After Keefe’s debut, it was clear Barrie was excited for the opportunities his new coach is giving him.
“(Keefe) came in with a really fresh attitude and we all know that we haven’t met expectations and it wasn’t good enough and we needed to be better,” Barrie said. “We kind of felt excited. It was almost like a fresh start. He was really positive and made a couple changes that I think helped us big time.”
Barrie’s still only on pace for 27 points on the season, but considering he nearly hit 60 in his final two seasons in Colorado, there’s a good chance a hot streak is coming. Especially if Keefe is going to put him in a position to succeed.
Kerfoot has served as mostly a third line centre with Toronto, although he did briefly get a promotion to the second line when captain John Tavares was injured.
The 25-year-old has five goals and eight points in his 21 games so far this season and missed three games after having dental surgery earlier this month.
Kerfoot has struggled in the face off dot this season, winning only 47 per cent of his draws, which is why a move to the wing may have been needed. But once the injured Mitchell Marner and Trevor Moore return, Kerfoot could be moved all over the lineup.
COLORADO’S SIDE OF THE DEAL
In Toronto, Kadri was a third line centre but he’s been moved into the top six with the Avalanche. The 29-year-old has seven goals and 15 points in 22 games this season, is being used in all situations and had a five-game point streak snapped on Nov. 19.
Kadri has been especially effective on faceoffs. His 55.6 face off percentage is tied for eighth best among centres with at least 300 draws and matches the career-high number he posted last season with the Maple Leafs.
Avalanche head coach Jared Bednar originally had Kadri playing with two fellow newcomers in wingers Joonas Donskoi and Andre Burakovsky. The trio have all been good this season and sit third, fourth and fifth in team scoring entering the Leafs game.
One area Kadri has struggled in with the Avalanche has been his discipline, something he was criticized for at the end of his time with the Leafs. So far this season, Kadri has 34 penalty minutes, including two fights, while he only had 43 penalty minutes and only one fight in 73 games last year.
The Avalanche enter Saturday’s game second in the Central Division, despite two thirds of their top line out with injuries. While Nathan MacKinnon has been the star of the show, the Avalanche have a strong group that’s been boosted by the addition of Kadri.
“It’s awesome. I love it,” Kadri said told The Athletic recently. “It’s honestly just a breath of fresh air not having to walk outside and feel like everybody is watching you being under the microscope, so it’s definitely a little more relaxing.”
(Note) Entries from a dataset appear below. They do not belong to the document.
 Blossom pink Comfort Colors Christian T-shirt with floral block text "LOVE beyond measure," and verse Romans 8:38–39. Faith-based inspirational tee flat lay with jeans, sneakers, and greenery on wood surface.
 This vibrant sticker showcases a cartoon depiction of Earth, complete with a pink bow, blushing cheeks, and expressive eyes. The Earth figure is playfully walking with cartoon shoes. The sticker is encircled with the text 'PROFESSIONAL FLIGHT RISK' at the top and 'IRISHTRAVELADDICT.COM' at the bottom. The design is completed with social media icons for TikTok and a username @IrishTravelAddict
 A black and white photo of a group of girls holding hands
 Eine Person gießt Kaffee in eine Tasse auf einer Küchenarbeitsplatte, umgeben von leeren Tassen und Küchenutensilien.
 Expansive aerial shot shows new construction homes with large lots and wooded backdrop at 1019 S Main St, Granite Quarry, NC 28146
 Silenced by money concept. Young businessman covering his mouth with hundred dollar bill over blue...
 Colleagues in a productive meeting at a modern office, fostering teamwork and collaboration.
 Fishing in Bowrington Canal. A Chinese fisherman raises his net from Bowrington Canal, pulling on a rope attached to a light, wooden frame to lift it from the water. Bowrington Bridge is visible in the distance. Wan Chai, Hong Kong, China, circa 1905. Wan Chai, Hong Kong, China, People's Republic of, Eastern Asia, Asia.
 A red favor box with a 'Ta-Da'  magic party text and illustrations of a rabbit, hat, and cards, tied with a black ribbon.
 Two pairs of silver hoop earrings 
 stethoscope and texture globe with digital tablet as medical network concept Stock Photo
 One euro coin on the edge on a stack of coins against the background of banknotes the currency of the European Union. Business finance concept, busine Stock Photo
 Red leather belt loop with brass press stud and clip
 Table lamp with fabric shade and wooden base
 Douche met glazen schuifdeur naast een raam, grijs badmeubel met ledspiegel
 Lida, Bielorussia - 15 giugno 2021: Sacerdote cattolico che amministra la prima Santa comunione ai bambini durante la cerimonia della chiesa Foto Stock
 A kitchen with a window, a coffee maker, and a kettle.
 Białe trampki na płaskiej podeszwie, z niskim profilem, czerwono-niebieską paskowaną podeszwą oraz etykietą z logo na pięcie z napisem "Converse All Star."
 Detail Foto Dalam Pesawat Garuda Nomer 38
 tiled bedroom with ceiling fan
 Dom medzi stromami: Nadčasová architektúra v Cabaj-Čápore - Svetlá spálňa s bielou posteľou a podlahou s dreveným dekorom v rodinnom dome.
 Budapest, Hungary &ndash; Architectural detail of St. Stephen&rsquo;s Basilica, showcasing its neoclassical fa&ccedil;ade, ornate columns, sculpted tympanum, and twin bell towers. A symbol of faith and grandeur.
The only player in the trade that hasn’t appeared in the NHL this season, Rosen is currently playing for the AHL’s Colorado Eagles.
The 25-year-old was limited to only three games in October due to an upper-body injury. He does have one goal and eight points in 11 games this season, but is also a minus-six.
It’s too early to know what kind of role Rosen will play with Avalanche, but so far he’s off to a decent start in the AHL.